Provided data:
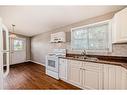 6425 35 Avenue Nw, Calgary, AB  - Indoor Photo Showing Kitchen With Double Sink 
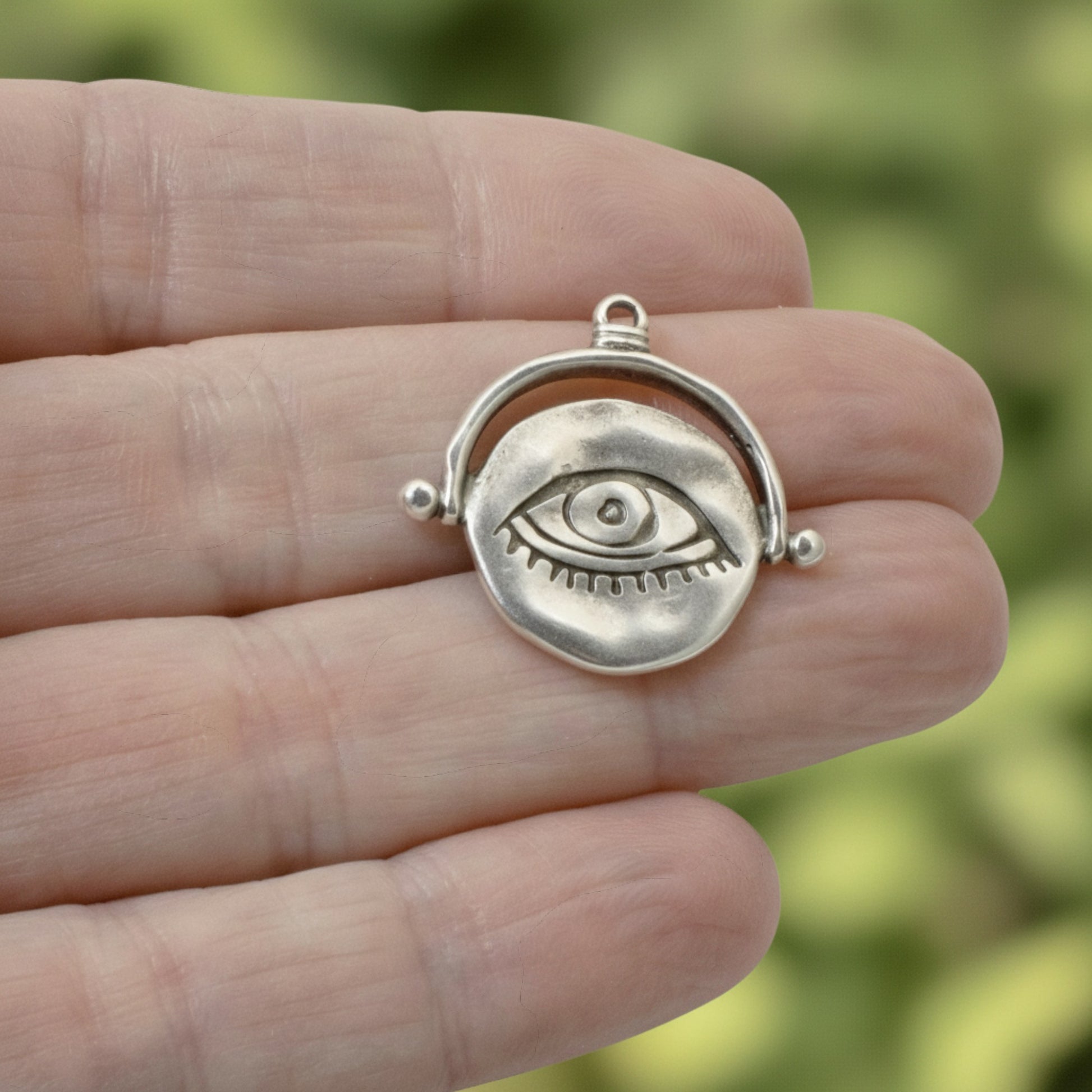 Hackberry Creek silver plated evil eye pendant with hand-formed texture held in a hand against a blurred green background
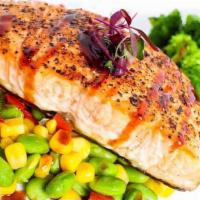 Fresh Grilled Salmon · Grilled salmon drizzled with a bourbon sriracha sauce with edamame succotash.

Brief:
Please output exactly the lines of the data above, from its first line through the line with "Hackberry Creek silver", and nothing else; drop the pictures.

Answer area:
 6425 35 Avenue Nw, Calgary, AB  - Indoor Photo Showing Kitchen With Double Sink 
 Hackberry Creek silver plated evil eye pendant with hand-formed texture held in a hand against a blurred green background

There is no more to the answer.